Şampiyonluk hasreti tavan yapmış Fenerbahçe camiasının beklentileriyle, Fenerbahçe’yi yönetenler arasında uçurum var.
Başkanından hocasına, yöneticisinden futbolcusuna, taraftarın aidiyet duygusunu sömüren bir yapı var sarı lacivertlilerde.
Perişan hâldeki Beşiktaş’a hayat öpücüğü verip liderle arasına “mesafe” koyan takımın başkanı Ali Koç, stat çıkışı camiaya “Şampiyon olacağız” diye sesleniyor.
Athletic Bilbao yenilgisinden sonra Mourinho “Şampiyon olacağız, Avrupa’da da tur atlayacağız” sözü veriyor. Sonrasında takımın parlamayı unutmuş yıldızları “Birlik” diyor, destek istiyor. Başkan Koç’un “Moral, motivasyon” görüntüleri servis ediliyor.

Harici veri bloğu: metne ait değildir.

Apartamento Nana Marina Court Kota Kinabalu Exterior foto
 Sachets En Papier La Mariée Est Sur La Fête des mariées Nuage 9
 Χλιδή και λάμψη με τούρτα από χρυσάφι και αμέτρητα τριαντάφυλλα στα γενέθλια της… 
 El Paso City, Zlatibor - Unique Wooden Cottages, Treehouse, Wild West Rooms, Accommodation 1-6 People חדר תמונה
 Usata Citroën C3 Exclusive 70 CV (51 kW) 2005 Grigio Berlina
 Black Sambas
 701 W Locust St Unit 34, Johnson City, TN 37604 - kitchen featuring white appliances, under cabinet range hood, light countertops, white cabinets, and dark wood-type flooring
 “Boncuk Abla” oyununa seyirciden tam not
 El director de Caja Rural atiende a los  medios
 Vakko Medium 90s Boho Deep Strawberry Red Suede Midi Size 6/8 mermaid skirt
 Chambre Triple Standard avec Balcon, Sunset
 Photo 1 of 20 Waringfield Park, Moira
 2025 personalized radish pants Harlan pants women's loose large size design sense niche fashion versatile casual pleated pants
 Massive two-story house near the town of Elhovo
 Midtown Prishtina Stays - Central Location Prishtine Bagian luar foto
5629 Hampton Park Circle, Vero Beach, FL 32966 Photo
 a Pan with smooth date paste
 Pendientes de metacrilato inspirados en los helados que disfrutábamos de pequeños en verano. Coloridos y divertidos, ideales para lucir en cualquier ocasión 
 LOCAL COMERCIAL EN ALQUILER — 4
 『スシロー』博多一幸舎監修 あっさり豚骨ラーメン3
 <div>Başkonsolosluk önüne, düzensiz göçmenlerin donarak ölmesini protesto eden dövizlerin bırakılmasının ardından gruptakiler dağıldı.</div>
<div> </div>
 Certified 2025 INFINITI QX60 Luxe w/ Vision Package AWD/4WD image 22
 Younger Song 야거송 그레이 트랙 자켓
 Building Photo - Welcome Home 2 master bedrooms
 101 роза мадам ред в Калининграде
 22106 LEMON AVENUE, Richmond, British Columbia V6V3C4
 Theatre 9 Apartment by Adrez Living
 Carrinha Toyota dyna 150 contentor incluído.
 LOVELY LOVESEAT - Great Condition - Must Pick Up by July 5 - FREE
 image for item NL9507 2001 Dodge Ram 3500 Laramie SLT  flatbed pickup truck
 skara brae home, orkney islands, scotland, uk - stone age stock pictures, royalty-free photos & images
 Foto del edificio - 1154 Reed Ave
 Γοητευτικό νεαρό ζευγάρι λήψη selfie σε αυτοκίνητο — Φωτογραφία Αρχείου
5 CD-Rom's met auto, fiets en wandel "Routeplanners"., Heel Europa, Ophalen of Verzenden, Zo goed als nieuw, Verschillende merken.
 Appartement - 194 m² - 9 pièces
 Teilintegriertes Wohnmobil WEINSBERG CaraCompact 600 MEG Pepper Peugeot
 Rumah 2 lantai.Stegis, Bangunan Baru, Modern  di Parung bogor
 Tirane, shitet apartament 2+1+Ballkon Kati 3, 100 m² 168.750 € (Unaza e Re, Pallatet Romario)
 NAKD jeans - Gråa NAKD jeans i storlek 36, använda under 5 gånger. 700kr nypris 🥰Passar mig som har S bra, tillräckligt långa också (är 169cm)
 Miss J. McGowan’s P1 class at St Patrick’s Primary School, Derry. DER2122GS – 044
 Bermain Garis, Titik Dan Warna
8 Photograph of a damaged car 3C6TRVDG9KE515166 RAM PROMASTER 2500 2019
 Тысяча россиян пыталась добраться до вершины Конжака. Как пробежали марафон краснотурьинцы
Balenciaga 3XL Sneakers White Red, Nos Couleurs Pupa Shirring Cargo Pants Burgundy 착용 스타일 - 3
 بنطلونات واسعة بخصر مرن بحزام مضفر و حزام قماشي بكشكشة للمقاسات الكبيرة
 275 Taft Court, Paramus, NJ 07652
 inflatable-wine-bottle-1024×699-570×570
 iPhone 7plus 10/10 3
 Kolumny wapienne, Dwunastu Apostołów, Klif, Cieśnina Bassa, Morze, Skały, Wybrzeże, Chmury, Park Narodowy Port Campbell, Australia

Yıllardır verilen ama tutulmayan tüm sözleri bağrına taş basıp unutmak istiyor sarı lacivertli taraftarlar, bir defa daha inanıyor, inanmak istiyor…
Ama! Yahu bunca şeyden sonra, insan bekliyor ki, Başakşehir maçında ölümüne mücadele eden bir takım olacak.
Hani nerede? Mourinho’nun rotasyonun dibine vurduğu kadro da tat vermiyor. Dün Samet’i yuhalayanlar, gole vize çıkaran Becao’ya sussa da, Fenerbahçe savunması alarm vermeye devam ediyor.
38’lik Dzeko dışında bu forma için varını yoğunu ortaya koyan bir oyuncu yok desek yalan olmaz.
Herkesin aklı bir karış havada.
Parlak günlerinin çok uzağındaki Başakşehir’i, 45 dakikadan fazlasını 10 kişi oynadığı maçta güç bela yeniyorsan, bana şampiyonluktan bahsetmeyin lütfen.
Arkasına sığınacak bahane aramaya harcadığınız enerjiyi doğru işler yapmaya yönlendirebilseniz bu takım zaten alıp başını gidecek. Ama bunun yerine, yatağınızın altındaki öcülere, dünyaca ünlü hocanızı da inandırmayı tercih ettiniz.
Oyuncularınız göğüslerinde yaşadıkları armanın değerinden bihaber, kötü oyunlarını “yapı”ya bağlıyor. İnancınız olduğuna dair bir mücadele göstermeden insanlara “inanç” vadediyorsunuz ve bunu yememizi bekliyorsunuz. Kusura bakmayın, tokuz!